Excerpted records Block Start

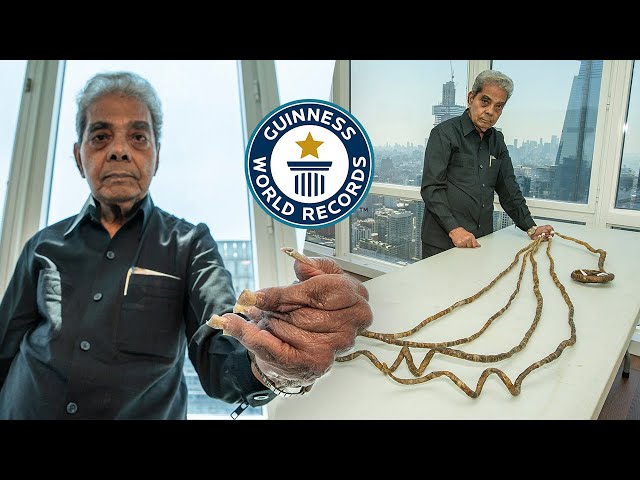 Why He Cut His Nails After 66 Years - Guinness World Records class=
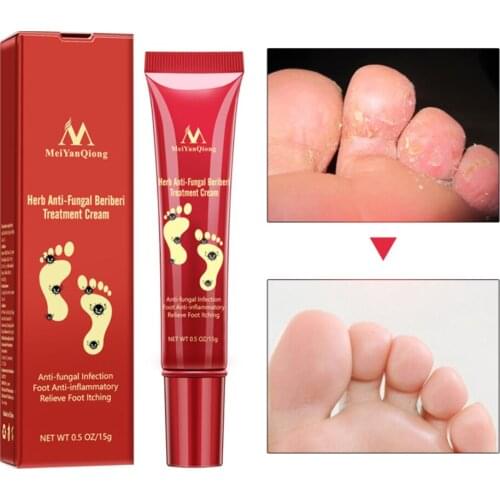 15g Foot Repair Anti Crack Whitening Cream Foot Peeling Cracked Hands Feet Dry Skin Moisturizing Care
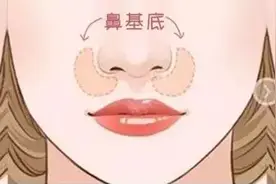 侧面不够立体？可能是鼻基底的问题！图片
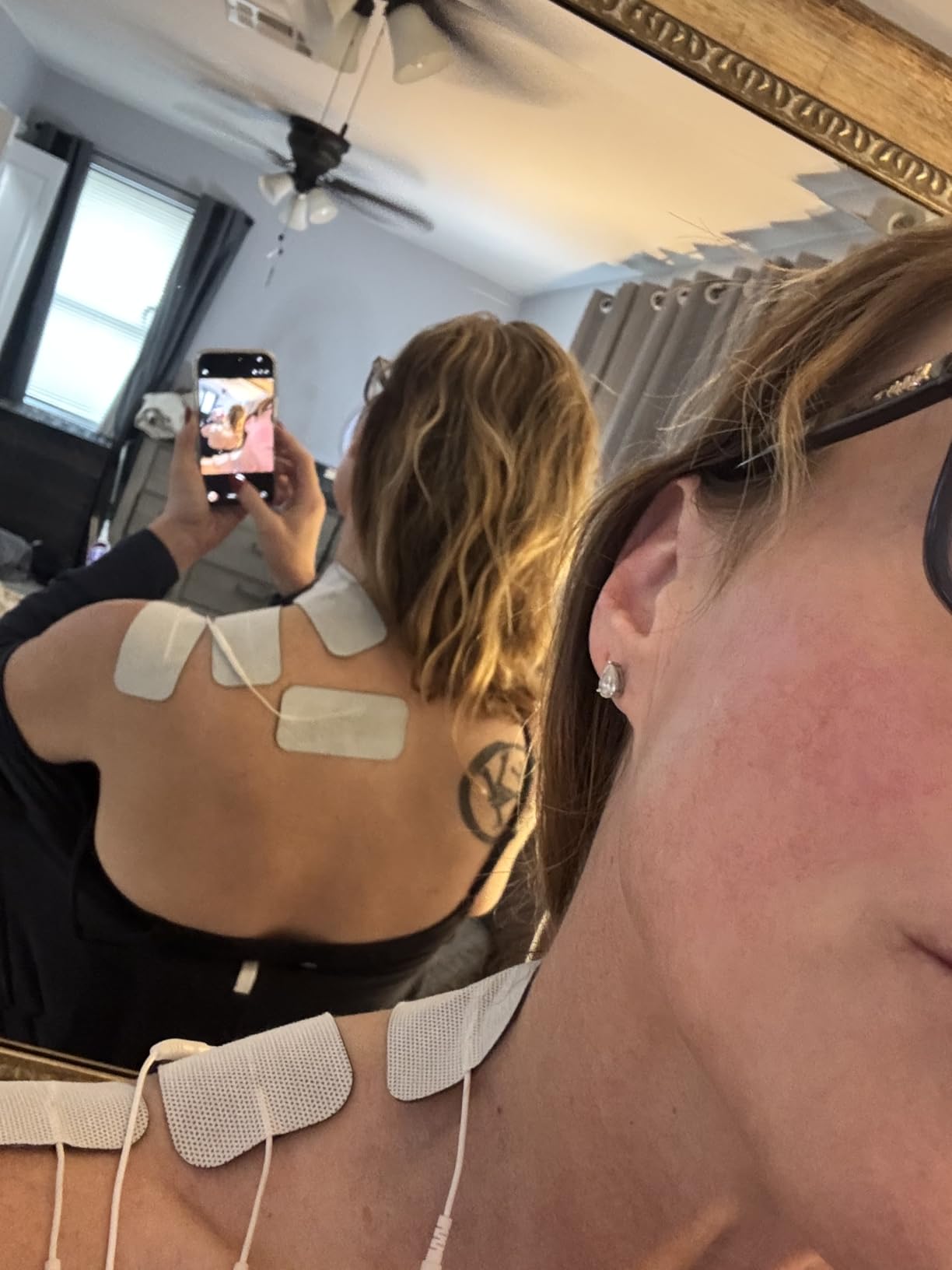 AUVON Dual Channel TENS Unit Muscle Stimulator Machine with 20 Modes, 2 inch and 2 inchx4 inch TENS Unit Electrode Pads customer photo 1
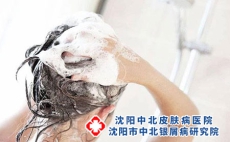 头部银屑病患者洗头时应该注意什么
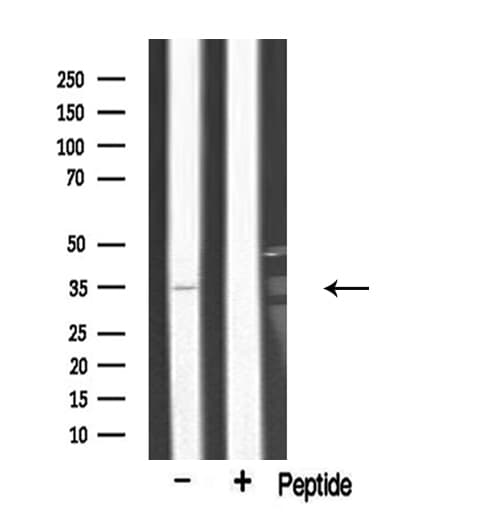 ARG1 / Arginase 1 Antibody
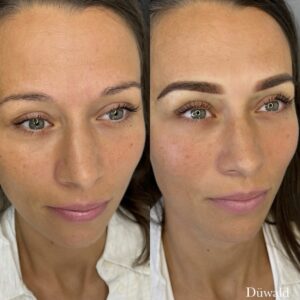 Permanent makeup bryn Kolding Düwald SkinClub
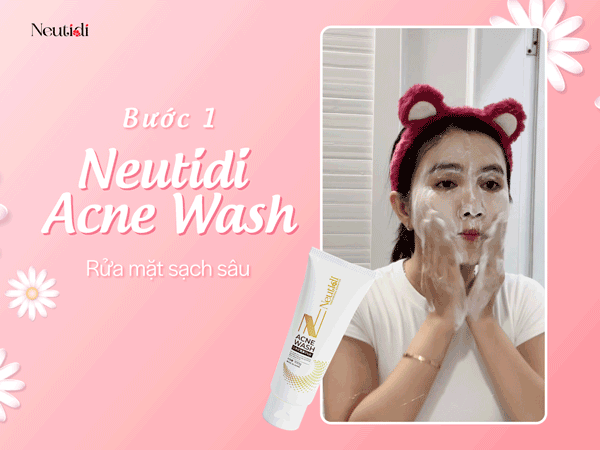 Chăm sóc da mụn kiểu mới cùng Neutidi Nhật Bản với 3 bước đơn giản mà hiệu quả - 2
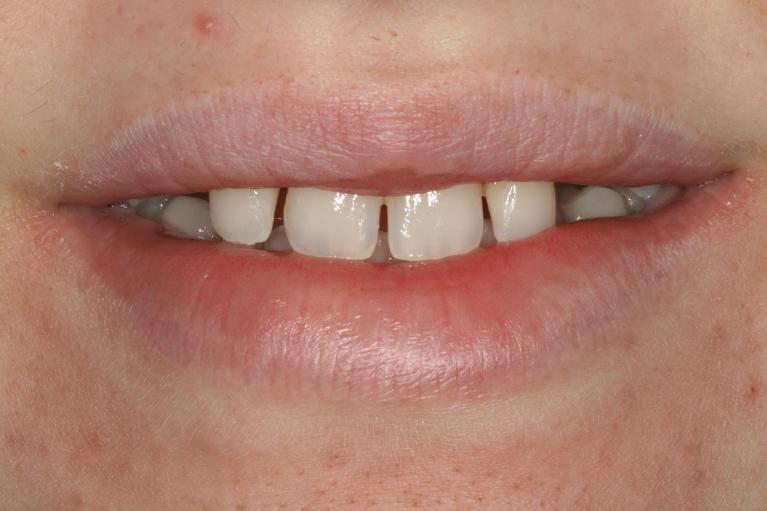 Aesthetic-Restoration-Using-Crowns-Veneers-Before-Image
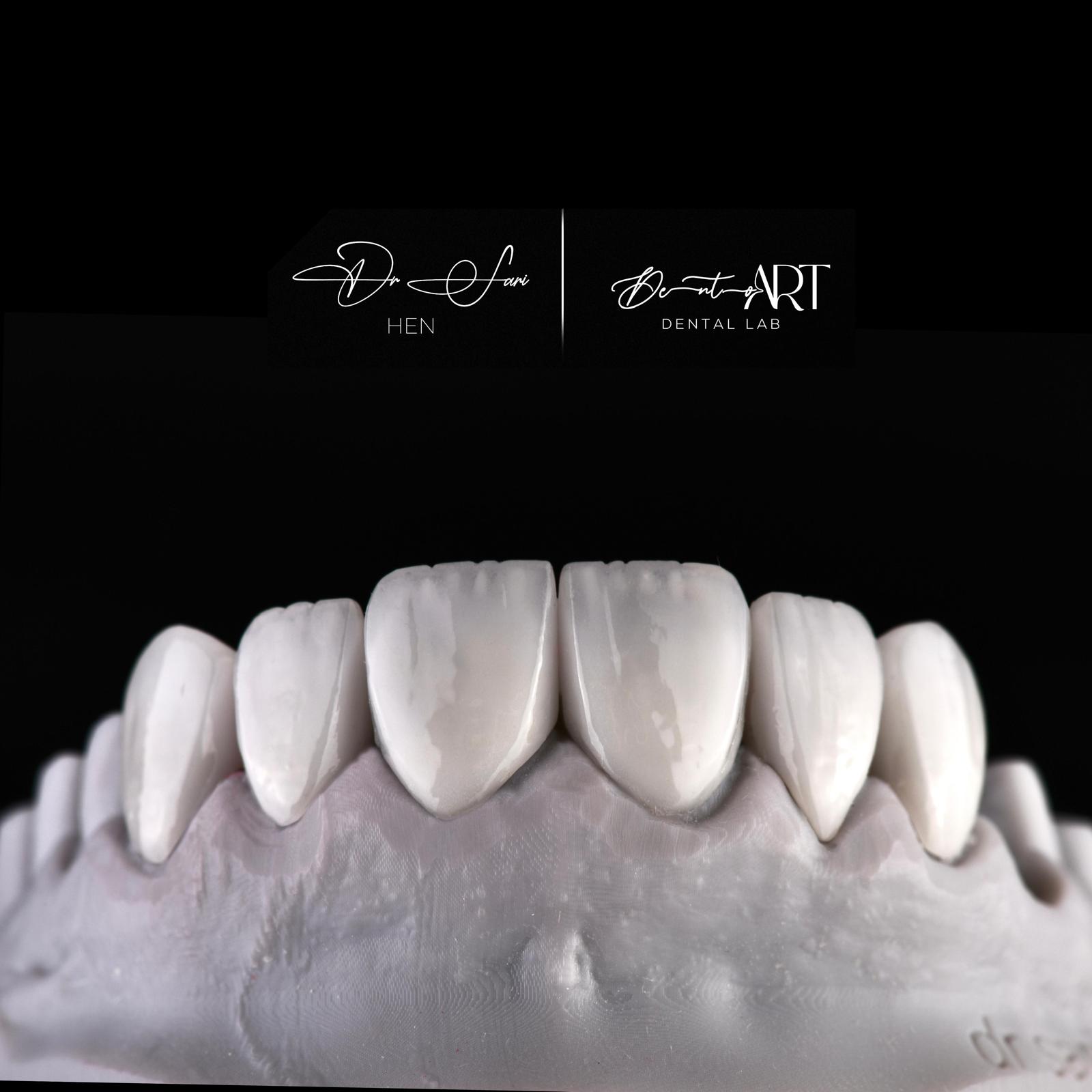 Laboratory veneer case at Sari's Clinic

Excerpted records Block End

**Exercise:** What is needed is a verbatim copy of every entry, with the pictures omitted.

**Answer:**
 Why He Cut His Nails After 66 Years - Guinness World Records class=
 15g Foot Repair Anti Crack Whitening Cream Foot Peeling Cracked Hands Feet Dry Skin Moisturizing Care
 侧面不够立体？可能是鼻基底的问题！图片
 AUVON Dual Channel TENS Unit Muscle Stimulator Machine with 20 Modes, 2 inch and 2 inchx4 inch TENS Unit Electrode Pads customer photo 1
 头部银屑病患者洗头时应该注意什么
 ARG1 / Arginase 1 Antibody
 Permanent makeup bryn Kolding Düwald SkinClub
 Chăm sóc da mụn kiểu mới cùng Neutidi Nhật Bản với 3 bước đơn giản mà hiệu quả - 2
 Aesthetic-Restoration-Using-Crowns-Veneers-Before-Image
 Laboratory veneer case at Sari's Clinic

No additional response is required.